Z-Curve.3.0 Tutorial: Chapter 9

You can find links to the other chapters on the post with Chapter 1.

The code for this chapter can be found on GitHub.
zcurve3.0/Tutorial.R.Script.Chapter9.R at main · UlrichSchimmack/zcurve3.0

This chapter examines the influence of one p-hacking method on z-curve (and p-curve) estimates of power (see Chapter 5 for a previous comparison of z-curve and p-curve). P-hacking is a term for statistical tricks that researchers can use to increase the probability of a significant result. This can be considered desirable when there is a true effect as a significant result avoids a so-called type-II error (failing to reject a false null-hypothesis). However, this argument ignores that p-hacking inflates effect size estimates and increases the risk of rejecting a true null-hypothesis. The replication crisis has shown that p-hacked results often do not replicate. The question is whether such replication failures can be predicted by z-curving p-hacked results.

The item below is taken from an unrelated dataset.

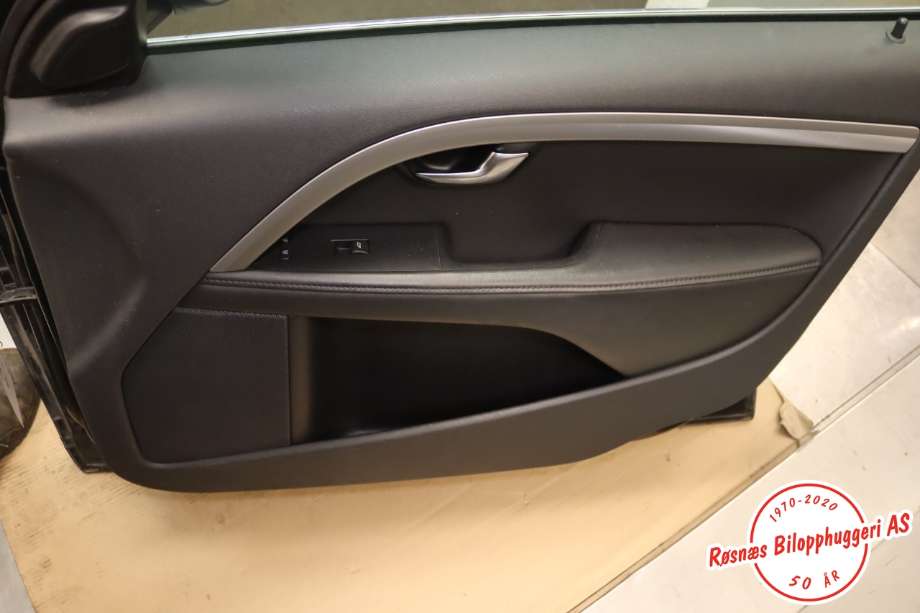 Dør høyre foran til Volvo V70 2007-2013 (Type III, Fase 1)  (VOLVO|31335589|)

Chapter 9: The Influence of P-Hacking V1.

There are different p-hacking methods, and they can have different effects on the distribution of z-values and z-curve estimates. It is therefore important to examine them one-by-one. The present study examines a method that was used by Bem (2011) to provide false evidence for time-reversed cognition (knowing something that has not yet happened or studying after an exam improves exam scores). To obtain significant results, he did two things. First, he checked whether studies showed promising trends and abandoned studies that failed to do so. Second, he combined smaller samples into one study (Letter to JPSP). This practice was considered acceptable by the editor of JPSP, implying that it may have been a common strategy to get significant results with low power (Kitayama). I call this approach patchwork sampling. This approach is also more efficient than a similar strategy called optional stopping. Optional stopping implies that researchers continue to collect data until they get a significant result. The problem with this strategy is that it can take many participants to reverse a negative trend in the beginning. It is much more efficient to abandon these samples and focus on samples with the desired trends.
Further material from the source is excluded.